Alfredo Hubalde also known as Freddie Hubalde, is a retired Filipino professional basketball player in the PBA. Hubalde played college ball for the Mapüa Institute of Technology, before eventually moving on to play in the PBA.
Freddie Hubalde started his PBA career with the Crispa Redmanizers, and was part of two Crispa grand slam teams in 1976 and 1983. He was a low key but reliable offensive player who could turn the game around with his deadly shooting both from the perimeter and, in his later years, from three-point range. He became famous for his off-the-glass jumpers and tight undergoal stabs (“dukot”). On defense, he utilized his patented “back tap” when stripping the player he is guarding of possession. In 1977, he was the awarded as the league’s season Most Valuable Player.

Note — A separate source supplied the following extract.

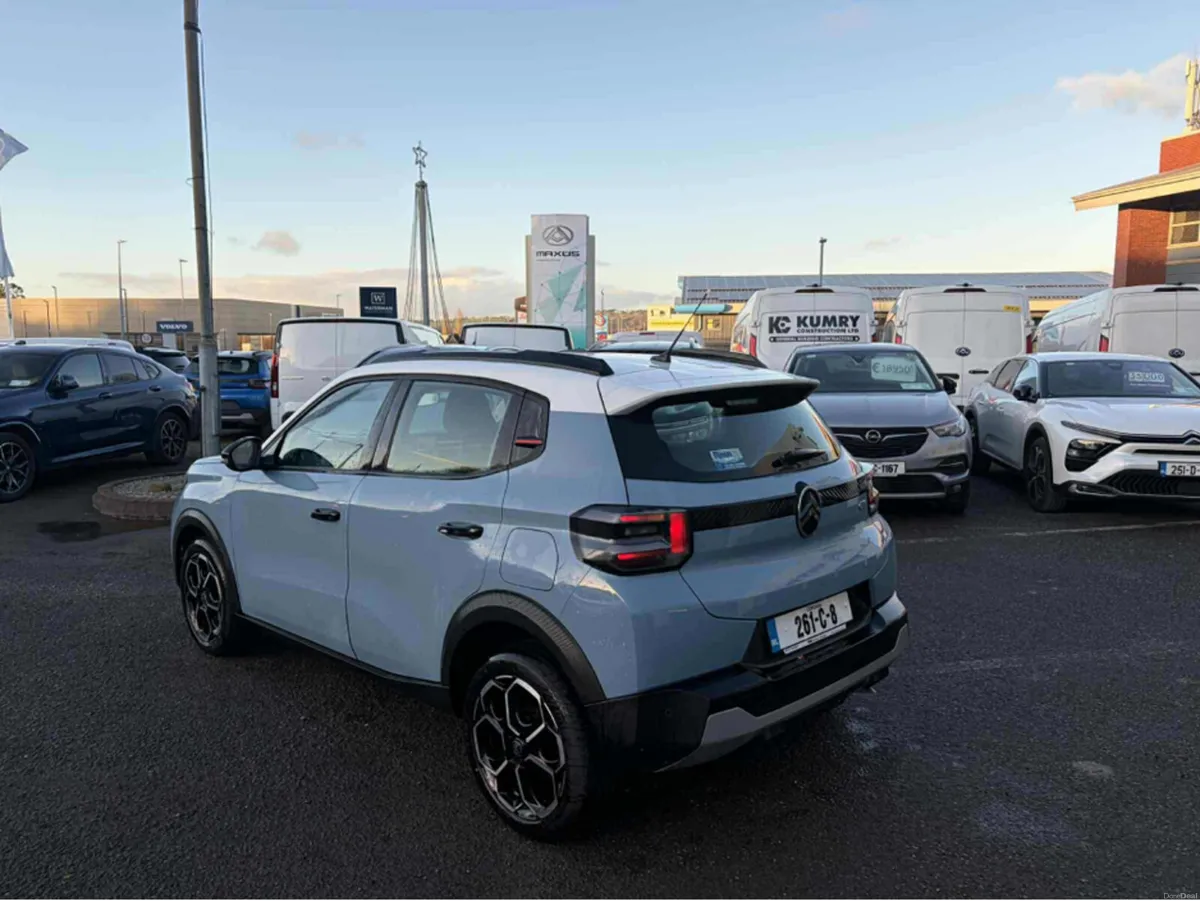 Citroen C3 PLUS PURETECH 100 MY22 4DR - Image 3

When Crispa folded at the end of the 1984 season, he and Crispa teammate Abet Guidaben moved to Tanduay and instantly transformed the team into a playoff contender. Before the start of the 1985 Third Conference, Guidaben was traded to Manila Beer in exchange for Ramon Fernandez, thus ushering a bright new era for the team still in search of a championship. In the 1986 Reinforced (First) Conference, Tanduay, now led by himself and Fernandez with supporting casts point guard Willie Generalao, forwards Jayvee Yango and Padim Israel and imports Rob Williams and Andre McKoy, finally won its first ever PBA title. With his steady play and clutch shooting, he led Tanduay to its second title the following conference, capturing the All-Filipino championship at the expense of Robert Jaworski and Ginebra San Miguel. In the title-clinching game, he sank two free throws off a Jaworski foul in the waning seconds to win the game for Tanduay.

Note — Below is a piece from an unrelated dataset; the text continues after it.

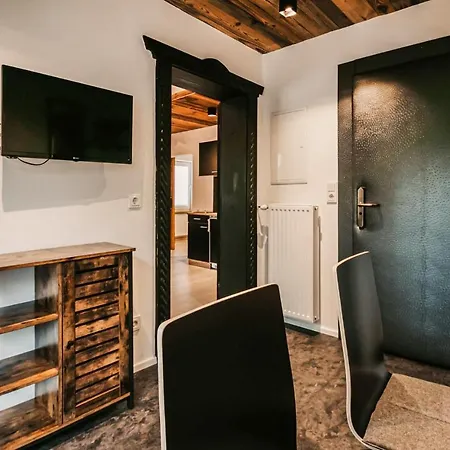 - Apartman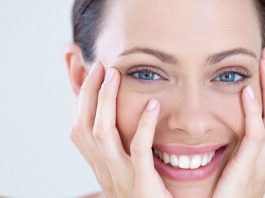 Француженки подтяжек не делают! 3 техники от морщин и складок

Tanduay would fail in its bid for a grand slam as Ginebra easily won the Open (Third) Conference, thanks to its devastating import combination in Billy Ray Bates and Michael Hackett. The Rhum Makers, however, would bounce back the following year as they dominated the 1987 Open (First) Conference with former Celtic David Thirdkill as import en route to their third championship in the last four conferences. This would be his 16th and last championship (He won 13 with Crispa) in the PBA, making him the second winningest behind Fernandez’s 19.In 2000, he was named a member of the PBA’s 25 Greatest Players.